Record excerpts –
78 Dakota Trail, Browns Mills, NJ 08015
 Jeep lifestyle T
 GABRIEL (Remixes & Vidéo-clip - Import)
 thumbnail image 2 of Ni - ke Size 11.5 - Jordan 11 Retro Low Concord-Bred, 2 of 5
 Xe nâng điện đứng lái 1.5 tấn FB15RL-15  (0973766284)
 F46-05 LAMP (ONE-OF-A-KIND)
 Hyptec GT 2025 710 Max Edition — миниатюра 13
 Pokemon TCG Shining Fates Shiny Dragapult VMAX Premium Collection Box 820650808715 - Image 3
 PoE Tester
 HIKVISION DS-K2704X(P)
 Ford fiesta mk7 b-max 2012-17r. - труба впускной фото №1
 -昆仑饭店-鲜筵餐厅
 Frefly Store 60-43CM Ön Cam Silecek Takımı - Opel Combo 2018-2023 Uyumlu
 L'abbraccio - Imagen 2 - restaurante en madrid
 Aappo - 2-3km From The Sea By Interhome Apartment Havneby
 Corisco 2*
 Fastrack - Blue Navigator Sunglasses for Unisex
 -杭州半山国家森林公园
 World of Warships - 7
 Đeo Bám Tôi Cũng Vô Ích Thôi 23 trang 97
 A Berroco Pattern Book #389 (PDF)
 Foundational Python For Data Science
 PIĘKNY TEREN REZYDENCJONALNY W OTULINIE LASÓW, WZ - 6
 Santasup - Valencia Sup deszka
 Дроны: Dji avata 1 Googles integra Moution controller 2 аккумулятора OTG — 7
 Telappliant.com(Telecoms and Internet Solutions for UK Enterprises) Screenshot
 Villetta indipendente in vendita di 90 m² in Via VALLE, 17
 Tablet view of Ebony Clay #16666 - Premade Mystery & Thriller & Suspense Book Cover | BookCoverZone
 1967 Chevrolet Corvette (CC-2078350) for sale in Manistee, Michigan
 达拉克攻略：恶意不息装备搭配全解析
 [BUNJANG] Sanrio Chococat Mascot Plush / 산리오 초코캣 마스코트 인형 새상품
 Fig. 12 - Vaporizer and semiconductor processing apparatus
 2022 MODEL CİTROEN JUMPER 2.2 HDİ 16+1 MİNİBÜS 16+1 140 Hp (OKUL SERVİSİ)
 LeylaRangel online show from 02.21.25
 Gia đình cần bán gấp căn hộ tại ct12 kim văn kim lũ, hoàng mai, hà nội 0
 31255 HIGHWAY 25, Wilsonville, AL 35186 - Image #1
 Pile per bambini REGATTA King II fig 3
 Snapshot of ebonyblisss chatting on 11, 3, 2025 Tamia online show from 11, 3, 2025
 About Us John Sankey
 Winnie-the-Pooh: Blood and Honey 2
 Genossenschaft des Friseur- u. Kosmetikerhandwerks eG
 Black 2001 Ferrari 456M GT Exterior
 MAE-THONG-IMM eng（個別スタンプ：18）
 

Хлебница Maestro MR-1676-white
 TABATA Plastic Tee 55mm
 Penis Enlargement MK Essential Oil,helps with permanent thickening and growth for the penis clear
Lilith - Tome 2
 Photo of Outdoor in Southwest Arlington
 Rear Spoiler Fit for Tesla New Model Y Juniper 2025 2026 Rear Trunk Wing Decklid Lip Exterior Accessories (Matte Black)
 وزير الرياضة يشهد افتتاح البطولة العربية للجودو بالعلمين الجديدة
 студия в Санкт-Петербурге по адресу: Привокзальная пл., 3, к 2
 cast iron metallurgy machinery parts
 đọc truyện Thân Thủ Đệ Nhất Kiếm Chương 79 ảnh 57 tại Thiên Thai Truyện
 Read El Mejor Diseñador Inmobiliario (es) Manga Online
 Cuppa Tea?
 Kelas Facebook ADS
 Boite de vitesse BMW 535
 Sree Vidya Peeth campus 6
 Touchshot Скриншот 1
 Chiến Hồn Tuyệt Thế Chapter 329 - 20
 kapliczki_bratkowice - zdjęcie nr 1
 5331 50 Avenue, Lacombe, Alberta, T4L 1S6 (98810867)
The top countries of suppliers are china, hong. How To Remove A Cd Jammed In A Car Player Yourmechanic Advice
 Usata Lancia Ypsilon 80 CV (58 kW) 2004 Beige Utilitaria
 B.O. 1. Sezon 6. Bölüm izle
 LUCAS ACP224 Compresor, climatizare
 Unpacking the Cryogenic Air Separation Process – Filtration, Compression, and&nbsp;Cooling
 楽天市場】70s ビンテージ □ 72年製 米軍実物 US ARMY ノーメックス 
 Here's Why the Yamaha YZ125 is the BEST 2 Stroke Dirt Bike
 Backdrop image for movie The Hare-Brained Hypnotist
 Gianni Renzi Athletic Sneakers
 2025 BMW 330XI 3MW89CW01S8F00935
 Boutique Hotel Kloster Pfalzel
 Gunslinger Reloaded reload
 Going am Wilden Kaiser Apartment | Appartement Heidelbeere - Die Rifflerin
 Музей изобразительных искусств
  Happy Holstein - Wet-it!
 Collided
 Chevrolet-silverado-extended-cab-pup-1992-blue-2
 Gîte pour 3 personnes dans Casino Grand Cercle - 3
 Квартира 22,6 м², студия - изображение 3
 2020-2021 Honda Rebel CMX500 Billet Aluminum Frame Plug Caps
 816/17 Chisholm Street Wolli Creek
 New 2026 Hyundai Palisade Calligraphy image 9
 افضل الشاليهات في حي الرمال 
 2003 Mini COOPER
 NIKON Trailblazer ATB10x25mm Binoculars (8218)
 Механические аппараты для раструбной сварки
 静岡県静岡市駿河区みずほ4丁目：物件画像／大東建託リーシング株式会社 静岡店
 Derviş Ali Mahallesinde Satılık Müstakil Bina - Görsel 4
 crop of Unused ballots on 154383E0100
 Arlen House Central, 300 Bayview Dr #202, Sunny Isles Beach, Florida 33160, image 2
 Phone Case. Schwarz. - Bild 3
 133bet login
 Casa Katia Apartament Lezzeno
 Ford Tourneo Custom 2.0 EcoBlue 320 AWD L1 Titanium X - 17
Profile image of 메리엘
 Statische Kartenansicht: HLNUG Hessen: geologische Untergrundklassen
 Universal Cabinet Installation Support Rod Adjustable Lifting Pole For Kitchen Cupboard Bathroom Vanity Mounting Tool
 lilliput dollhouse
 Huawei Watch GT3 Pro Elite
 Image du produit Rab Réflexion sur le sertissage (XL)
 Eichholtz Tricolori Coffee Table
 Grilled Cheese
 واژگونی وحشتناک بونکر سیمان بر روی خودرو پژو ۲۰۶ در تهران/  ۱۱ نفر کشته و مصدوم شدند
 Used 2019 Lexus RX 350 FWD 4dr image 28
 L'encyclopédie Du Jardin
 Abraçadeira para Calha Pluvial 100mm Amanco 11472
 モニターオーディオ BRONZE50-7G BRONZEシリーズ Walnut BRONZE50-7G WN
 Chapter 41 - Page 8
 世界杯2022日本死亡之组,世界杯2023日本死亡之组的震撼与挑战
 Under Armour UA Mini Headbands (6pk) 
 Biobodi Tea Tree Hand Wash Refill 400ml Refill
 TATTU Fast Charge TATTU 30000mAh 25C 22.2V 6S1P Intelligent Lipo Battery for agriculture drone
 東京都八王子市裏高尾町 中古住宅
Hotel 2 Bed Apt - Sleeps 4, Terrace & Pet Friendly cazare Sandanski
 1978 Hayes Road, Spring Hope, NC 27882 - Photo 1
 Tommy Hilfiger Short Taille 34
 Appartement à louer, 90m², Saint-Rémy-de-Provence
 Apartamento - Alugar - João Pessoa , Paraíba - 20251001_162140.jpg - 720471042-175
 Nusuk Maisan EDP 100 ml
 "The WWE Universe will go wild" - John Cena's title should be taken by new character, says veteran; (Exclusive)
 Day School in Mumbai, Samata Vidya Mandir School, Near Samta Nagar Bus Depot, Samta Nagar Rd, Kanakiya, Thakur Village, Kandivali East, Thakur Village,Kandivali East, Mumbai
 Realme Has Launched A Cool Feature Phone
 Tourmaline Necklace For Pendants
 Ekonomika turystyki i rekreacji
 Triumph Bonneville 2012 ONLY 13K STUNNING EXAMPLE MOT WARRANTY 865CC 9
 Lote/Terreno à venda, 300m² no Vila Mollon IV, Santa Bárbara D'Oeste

What is being asked –
Look above for the line with "Arlen House Central, 300" and the line with "says veteran; (Exclusive)". Write out those two lines and all the lines between them, exactly, and no others.

Your solution –
 Arlen House Central, 300 Bayview Dr #202, Sunny Isles Beach, Florida 33160, image 2
 Phone Case. Schwarz. - Bild 3
 133bet login
 Casa Katia Apartament Lezzeno
 Ford Tourneo Custom 2.0 EcoBlue 320 AWD L1 Titanium X - 17
Profile image of 메리엘
 Statische Kartenansicht: HLNUG Hessen: geologische Untergrundklassen
 Universal Cabinet Installation Support Rod Adjustable Lifting Pole For Kitchen Cupboard Bathroom Vanity Mounting Tool
 lilliput dollhouse
 Huawei Watch GT3 Pro Elite
 Image du produit Rab Réflexion sur le sertissage (XL)
 Eichholtz Tricolori Coffee Table
 Grilled Cheese
 واژگونی وحشتناک بونکر سیمان بر روی خودرو پژو ۲۰۶ در تهران/  ۱۱ نفر کشته و مصدوم شدند
 Used 2019 Lexus RX 350 FWD 4dr image 28
 L'encyclopédie Du Jardin
 Abraçadeira para Calha Pluvial 100mm Amanco 11472
 モニターオーディオ BRONZE50-7G BRONZEシリーズ Walnut BRONZE50-7G WN
 Chapter 41 - Page 8
 世界杯2022日本死亡之组,世界杯2023日本死亡之组的震撼与挑战
 Under Armour UA Mini Headbands (6pk) 
 Biobodi Tea Tree Hand Wash Refill 400ml Refill
 TATTU Fast Charge TATTU 30000mAh 25C 22.2V 6S1P Intelligent Lipo Battery for agriculture drone
 東京都八王子市裏高尾町 中古住宅
Hotel 2 Bed Apt - Sleeps 4, Terrace & Pet Friendly cazare Sandanski
 1978 Hayes Road, Spring Hope, NC 27882 - Photo 1
 Tommy Hilfiger Short Taille 34
 Appartement à louer, 90m², Saint-Rémy-de-Provence
 Apartamento - Alugar - João Pessoa , Paraíba - 20251001_162140.jpg - 720471042-175
 Nusuk Maisan EDP 100 ml
 "The WWE Universe will go wild" - John Cena's title should be taken by new character, says veteran; (Exclusive)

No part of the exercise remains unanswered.